TASK TO COMPLETE: For this exercise, output exactly and only the lines running from the one with "MAHATHIR MOHAMAD" through the final line of the data below, without pictures.

RECORDED INFORMATION:
****************
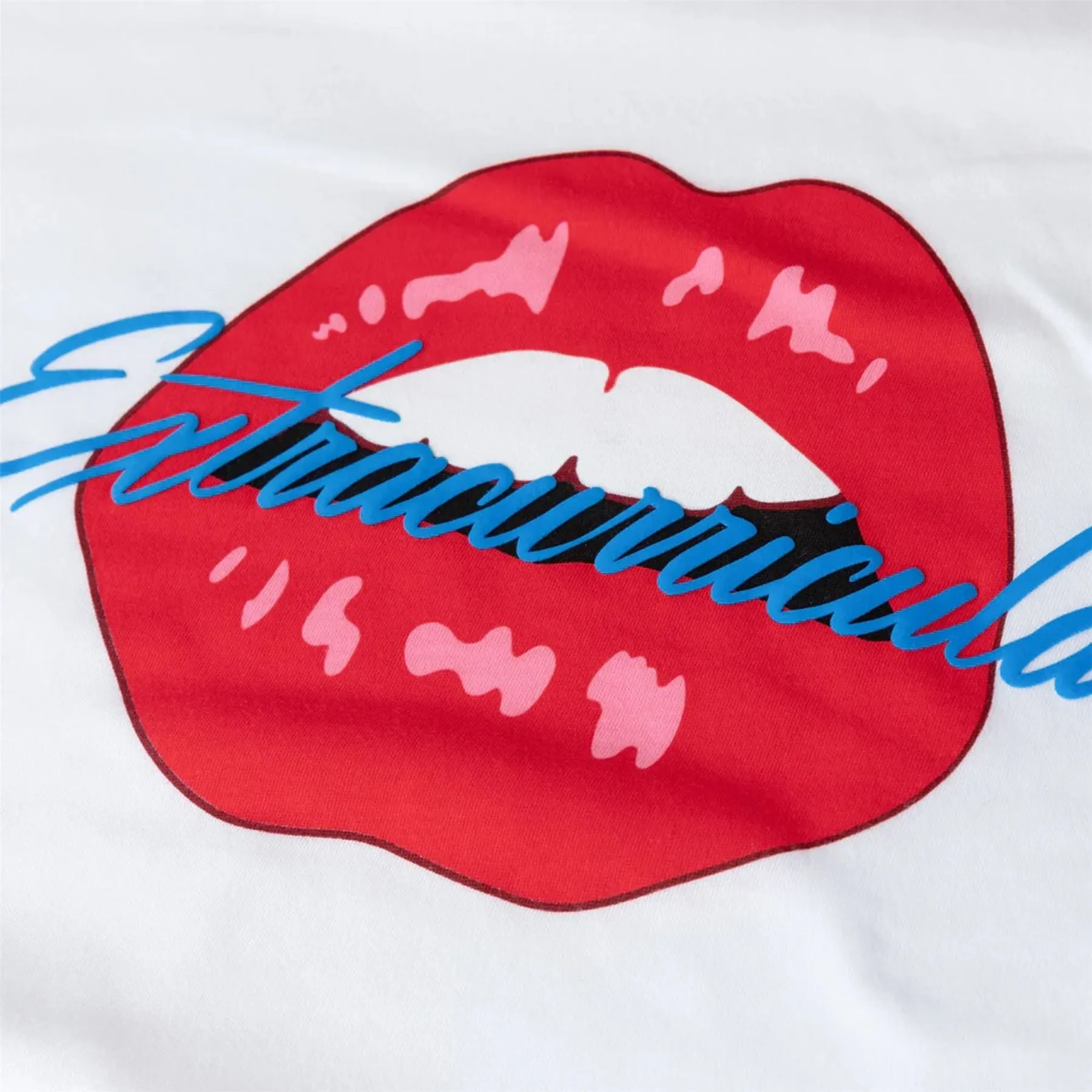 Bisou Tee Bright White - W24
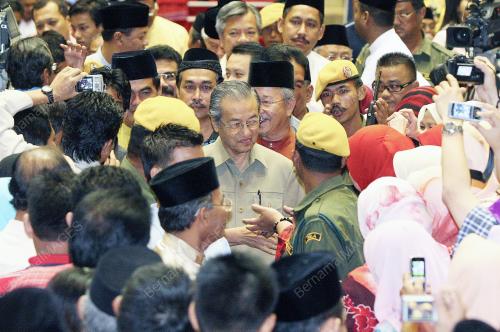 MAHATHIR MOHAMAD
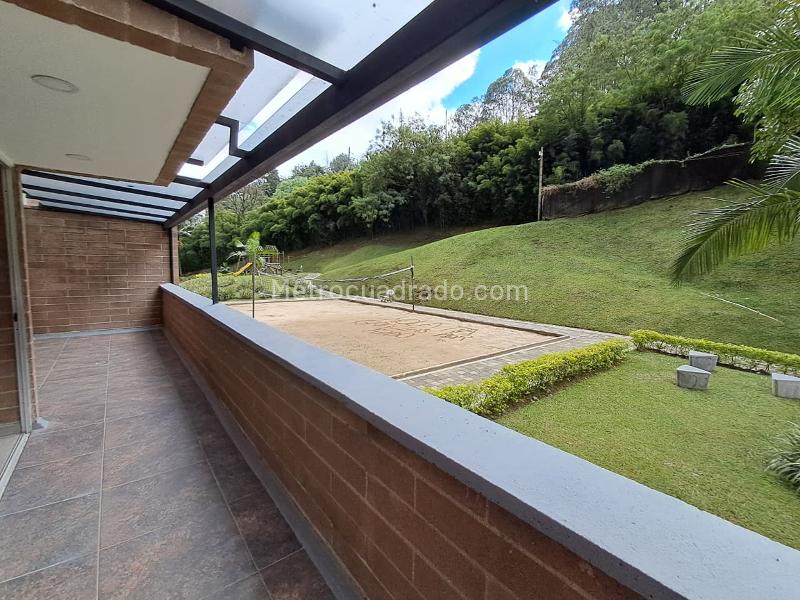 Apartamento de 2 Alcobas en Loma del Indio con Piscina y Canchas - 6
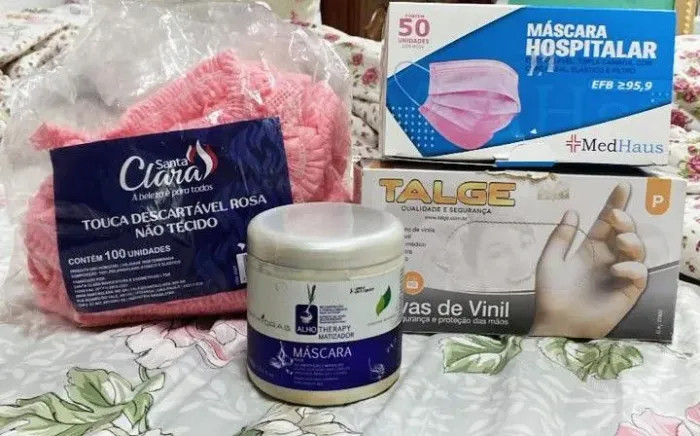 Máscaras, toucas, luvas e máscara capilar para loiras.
****************
ANSWER TO THE PROBLEM:
 MAHATHIR MOHAMAD
 Apartamento de 2 Alcobas en Loma del Indio con Piscina y Canchas - 6
 Máscaras, toucas, luvas e máscara capilar para loiras.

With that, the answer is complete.